Isolate the problem by using an external monitor. If the fluttering occurs in the external monitor also, something is wrong with the motherboard, graphics adaptor, graphics driver,etc. If the problem does not appear on external monitor, the LCD or its connection to the motherboard is at fault.


----------



## panyang (Mar 15, 2009)

This is what i did to fix my problems with vertical lines flashing on wake up using Inspiron 1501 with Vista installed on it. try to update bios first by going to support.dell.com found in drivers and downloads.. if not, go to device manager, click the plus sign next to display adapter, right-click the your display adapter and click update driver. it took a long time for the driver to update that i fell asleep waiting for it to finish. when i woke up, it prompted me to restart. After the restart, i tried setting my system to sleep. no more weird vertical lines flashing on wake up. checked device manager again, driver version is release date 6/2/08 ATI RADEON EXPRESS SERIES.

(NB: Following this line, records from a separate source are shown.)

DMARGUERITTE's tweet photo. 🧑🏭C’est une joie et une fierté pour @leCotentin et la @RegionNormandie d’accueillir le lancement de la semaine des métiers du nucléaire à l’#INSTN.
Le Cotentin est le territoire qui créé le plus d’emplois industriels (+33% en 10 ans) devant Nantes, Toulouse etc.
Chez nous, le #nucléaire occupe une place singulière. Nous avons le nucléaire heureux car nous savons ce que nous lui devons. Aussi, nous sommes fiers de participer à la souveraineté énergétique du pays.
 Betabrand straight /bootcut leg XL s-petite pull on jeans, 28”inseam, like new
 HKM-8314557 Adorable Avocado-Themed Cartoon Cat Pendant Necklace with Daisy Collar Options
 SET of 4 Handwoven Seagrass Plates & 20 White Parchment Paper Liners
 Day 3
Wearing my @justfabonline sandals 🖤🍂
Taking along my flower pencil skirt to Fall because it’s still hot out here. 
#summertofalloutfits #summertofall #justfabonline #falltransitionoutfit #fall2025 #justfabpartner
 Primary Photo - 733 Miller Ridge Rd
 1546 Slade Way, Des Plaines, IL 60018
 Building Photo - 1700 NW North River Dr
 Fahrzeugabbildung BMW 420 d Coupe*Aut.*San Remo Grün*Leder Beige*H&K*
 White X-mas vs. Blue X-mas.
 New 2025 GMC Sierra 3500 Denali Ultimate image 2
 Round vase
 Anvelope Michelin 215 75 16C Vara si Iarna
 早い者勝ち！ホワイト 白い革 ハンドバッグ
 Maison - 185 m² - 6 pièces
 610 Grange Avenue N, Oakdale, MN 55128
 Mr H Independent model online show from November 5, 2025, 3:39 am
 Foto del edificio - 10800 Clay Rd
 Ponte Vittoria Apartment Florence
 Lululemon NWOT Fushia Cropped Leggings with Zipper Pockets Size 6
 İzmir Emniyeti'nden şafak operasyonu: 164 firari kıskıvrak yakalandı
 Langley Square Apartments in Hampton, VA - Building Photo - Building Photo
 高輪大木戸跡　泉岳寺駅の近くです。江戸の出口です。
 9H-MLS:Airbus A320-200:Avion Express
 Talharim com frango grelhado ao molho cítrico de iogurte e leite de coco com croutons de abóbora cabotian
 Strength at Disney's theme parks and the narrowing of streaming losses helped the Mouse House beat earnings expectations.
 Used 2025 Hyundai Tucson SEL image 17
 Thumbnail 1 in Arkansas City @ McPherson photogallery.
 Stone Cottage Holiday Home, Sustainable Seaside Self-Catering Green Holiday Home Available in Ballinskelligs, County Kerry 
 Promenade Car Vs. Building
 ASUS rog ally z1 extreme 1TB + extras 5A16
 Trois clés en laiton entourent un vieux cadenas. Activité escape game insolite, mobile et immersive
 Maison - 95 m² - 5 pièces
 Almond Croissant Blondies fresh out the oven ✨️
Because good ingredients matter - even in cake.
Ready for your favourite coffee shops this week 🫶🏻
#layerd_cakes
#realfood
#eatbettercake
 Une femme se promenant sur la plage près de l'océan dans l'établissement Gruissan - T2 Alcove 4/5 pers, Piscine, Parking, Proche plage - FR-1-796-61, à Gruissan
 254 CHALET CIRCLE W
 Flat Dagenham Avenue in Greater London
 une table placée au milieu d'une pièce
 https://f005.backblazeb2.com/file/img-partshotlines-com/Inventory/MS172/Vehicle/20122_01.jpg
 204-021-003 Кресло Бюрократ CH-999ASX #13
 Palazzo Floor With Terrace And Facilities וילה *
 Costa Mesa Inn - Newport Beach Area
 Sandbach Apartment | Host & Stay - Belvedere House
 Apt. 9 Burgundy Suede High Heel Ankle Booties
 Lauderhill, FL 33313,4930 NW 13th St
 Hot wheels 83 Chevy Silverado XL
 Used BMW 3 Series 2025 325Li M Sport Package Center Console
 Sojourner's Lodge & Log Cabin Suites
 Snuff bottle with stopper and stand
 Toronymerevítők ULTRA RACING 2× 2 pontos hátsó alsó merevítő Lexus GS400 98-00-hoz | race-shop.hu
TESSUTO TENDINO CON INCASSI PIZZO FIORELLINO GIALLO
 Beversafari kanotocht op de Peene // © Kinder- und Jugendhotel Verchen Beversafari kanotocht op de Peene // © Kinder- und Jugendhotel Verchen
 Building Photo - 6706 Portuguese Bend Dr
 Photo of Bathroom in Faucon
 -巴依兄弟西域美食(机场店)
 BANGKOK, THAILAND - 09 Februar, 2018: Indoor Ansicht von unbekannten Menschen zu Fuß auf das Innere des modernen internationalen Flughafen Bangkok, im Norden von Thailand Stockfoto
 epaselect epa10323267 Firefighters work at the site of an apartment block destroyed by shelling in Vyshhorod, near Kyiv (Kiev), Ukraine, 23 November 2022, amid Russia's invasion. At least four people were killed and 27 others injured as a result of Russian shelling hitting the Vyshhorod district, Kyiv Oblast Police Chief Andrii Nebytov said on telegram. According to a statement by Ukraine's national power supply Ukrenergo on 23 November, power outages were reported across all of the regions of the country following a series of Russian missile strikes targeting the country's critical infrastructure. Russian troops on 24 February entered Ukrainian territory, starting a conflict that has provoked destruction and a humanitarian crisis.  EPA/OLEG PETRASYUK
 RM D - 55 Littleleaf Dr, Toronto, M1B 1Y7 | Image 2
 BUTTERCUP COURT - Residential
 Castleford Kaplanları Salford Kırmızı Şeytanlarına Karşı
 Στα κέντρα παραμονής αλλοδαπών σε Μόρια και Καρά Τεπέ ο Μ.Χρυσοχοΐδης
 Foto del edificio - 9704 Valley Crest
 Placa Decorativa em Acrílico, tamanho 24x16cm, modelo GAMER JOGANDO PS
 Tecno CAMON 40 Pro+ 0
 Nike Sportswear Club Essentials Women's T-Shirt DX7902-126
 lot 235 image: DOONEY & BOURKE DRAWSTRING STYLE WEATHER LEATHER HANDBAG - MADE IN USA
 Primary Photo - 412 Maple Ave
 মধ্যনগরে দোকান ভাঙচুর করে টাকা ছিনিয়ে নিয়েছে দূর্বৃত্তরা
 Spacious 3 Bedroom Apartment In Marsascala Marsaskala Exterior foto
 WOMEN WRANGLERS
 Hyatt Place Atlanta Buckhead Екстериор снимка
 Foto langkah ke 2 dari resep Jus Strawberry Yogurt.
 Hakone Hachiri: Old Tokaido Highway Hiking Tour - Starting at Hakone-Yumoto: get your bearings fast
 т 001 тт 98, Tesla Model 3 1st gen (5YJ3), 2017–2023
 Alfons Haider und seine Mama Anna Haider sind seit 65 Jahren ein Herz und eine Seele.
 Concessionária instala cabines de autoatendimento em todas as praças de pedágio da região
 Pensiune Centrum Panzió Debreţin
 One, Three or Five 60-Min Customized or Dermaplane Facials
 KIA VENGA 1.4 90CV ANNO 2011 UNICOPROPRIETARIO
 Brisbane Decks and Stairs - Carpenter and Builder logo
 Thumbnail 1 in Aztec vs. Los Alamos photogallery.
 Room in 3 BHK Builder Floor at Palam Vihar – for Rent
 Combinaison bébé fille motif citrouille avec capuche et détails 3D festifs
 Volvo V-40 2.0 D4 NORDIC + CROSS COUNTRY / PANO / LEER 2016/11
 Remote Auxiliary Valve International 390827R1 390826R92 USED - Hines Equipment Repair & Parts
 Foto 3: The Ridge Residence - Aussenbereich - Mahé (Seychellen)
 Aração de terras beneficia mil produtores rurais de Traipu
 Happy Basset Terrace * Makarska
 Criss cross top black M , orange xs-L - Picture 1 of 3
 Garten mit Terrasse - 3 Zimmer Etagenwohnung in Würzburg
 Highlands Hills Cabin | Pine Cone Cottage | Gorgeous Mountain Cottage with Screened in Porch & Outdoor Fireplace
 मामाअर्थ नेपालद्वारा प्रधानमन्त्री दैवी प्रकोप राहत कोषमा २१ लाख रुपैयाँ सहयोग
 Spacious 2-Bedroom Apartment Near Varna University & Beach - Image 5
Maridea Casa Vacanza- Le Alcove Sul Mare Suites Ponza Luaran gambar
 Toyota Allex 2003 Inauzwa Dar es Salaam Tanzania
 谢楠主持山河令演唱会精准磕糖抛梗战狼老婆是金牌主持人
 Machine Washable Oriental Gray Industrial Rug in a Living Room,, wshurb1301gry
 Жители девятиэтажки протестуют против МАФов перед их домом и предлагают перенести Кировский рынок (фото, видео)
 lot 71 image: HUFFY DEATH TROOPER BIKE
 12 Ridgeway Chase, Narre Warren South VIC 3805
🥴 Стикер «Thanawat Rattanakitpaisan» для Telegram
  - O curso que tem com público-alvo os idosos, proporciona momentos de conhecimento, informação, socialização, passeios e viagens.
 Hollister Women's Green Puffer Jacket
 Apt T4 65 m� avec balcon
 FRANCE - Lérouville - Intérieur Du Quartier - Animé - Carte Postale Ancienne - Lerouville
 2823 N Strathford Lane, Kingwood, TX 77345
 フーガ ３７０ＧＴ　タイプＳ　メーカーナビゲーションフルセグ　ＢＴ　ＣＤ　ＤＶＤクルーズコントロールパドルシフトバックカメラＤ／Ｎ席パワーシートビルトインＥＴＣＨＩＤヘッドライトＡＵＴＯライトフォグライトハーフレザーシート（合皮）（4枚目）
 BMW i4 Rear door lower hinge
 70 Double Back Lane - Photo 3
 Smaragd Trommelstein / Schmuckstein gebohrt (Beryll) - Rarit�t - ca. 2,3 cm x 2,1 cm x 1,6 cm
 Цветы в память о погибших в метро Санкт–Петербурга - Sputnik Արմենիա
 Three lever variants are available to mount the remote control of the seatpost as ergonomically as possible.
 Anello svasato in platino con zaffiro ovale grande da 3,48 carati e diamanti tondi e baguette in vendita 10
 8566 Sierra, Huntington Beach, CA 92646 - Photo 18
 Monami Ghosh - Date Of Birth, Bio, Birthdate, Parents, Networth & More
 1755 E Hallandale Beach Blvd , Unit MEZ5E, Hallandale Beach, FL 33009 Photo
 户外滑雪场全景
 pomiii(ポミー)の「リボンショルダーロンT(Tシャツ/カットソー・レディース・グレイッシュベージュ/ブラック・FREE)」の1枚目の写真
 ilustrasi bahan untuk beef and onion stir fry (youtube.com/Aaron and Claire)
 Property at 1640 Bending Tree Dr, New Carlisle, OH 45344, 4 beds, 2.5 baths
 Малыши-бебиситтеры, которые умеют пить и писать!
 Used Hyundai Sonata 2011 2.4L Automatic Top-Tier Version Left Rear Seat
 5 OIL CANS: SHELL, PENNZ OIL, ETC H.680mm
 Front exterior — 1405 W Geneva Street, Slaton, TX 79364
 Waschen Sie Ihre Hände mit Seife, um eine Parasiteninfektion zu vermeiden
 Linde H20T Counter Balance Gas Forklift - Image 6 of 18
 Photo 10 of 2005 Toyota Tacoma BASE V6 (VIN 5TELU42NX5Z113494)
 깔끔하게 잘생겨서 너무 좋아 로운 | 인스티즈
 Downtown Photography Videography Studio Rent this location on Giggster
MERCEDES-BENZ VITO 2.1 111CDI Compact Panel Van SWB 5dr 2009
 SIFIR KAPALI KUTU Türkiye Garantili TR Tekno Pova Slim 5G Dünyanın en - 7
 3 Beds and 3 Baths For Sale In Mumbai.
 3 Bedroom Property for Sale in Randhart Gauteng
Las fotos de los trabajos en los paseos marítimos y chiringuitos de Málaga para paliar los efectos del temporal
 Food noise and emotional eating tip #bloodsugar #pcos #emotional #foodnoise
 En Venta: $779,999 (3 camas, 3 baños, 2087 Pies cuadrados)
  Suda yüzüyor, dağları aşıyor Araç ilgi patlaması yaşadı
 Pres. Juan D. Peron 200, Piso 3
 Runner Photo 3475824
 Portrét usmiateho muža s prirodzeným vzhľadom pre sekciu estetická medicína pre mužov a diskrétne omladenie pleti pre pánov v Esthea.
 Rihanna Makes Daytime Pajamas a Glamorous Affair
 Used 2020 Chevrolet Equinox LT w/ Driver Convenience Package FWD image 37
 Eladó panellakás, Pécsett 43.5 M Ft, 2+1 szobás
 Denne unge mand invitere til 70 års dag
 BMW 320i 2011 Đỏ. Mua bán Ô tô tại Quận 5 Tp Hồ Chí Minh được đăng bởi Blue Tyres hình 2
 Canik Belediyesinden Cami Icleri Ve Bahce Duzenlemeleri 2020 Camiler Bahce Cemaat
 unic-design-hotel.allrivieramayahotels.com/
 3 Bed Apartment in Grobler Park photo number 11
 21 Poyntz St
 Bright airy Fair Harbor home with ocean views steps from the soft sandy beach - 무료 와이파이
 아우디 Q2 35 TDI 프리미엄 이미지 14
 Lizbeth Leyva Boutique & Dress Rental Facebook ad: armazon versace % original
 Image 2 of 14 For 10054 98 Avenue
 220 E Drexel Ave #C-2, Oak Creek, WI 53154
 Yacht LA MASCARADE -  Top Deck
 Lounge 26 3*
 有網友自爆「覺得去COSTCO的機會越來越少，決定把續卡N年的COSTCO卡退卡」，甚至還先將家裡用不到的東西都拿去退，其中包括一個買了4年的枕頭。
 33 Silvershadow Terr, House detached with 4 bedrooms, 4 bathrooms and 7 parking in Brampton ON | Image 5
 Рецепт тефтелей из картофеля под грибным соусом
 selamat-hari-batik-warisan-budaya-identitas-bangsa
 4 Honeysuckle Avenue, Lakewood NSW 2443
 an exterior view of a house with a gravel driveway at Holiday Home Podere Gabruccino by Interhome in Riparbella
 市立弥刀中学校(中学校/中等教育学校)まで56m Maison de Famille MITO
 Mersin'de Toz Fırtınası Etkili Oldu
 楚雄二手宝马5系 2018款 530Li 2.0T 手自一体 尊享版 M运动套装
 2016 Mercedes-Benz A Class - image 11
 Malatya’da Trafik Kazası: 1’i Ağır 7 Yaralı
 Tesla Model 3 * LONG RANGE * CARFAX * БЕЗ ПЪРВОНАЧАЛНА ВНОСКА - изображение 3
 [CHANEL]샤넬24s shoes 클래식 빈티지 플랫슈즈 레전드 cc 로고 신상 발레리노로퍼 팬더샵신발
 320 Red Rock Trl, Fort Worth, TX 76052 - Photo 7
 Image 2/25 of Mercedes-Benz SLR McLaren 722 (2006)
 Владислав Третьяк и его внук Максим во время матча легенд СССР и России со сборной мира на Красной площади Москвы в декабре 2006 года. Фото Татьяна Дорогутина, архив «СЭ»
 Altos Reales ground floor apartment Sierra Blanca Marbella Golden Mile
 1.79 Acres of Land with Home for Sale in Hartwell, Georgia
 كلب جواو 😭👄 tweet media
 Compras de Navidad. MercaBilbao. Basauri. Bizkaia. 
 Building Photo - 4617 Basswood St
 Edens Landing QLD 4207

by the way, before these i tried uninstalling and reinstalling the video driver for ATI IGP Xpress 1150 either from dell's website or ati's. no effect. so try clicking on the update driver button instead.


----------



## LuisPR34 (Jul 17, 2010)

Hi guys I'm new here but let me tell You how I fix it. I downloaded the latest bios from Dell and update them in the windows environment then I did a partition on the 250 GB hard drive that I installed on my 1501, Formatted only 1 of the partitions and installed Vista Ultimate 64bit ed Dell OEM finished customizing it and then I installed in the other partition Ubuntu Linux 64bit Lucid ray: Now I'm having a beauty of a laptop and here is the prof:

http://www.picable.com/Concepts/Tim...unning-Ubuntu-Linux-64-Bit-Flawlessly.1488538

Hope it serves You in any way favorable.


----------



## LuisPR34 (Jul 17, 2010)

Hi guys here is a link to a short video I made of my Inspiron 1501 running Ubuntu Linux 64 bit.
http://www.kleep.com/Arts/Video/My-Dell-Inspiron-1501-Running-Ubuntu-Linux-64-Bit-Flawlessly-Video.1532926
Hope You like it.


----------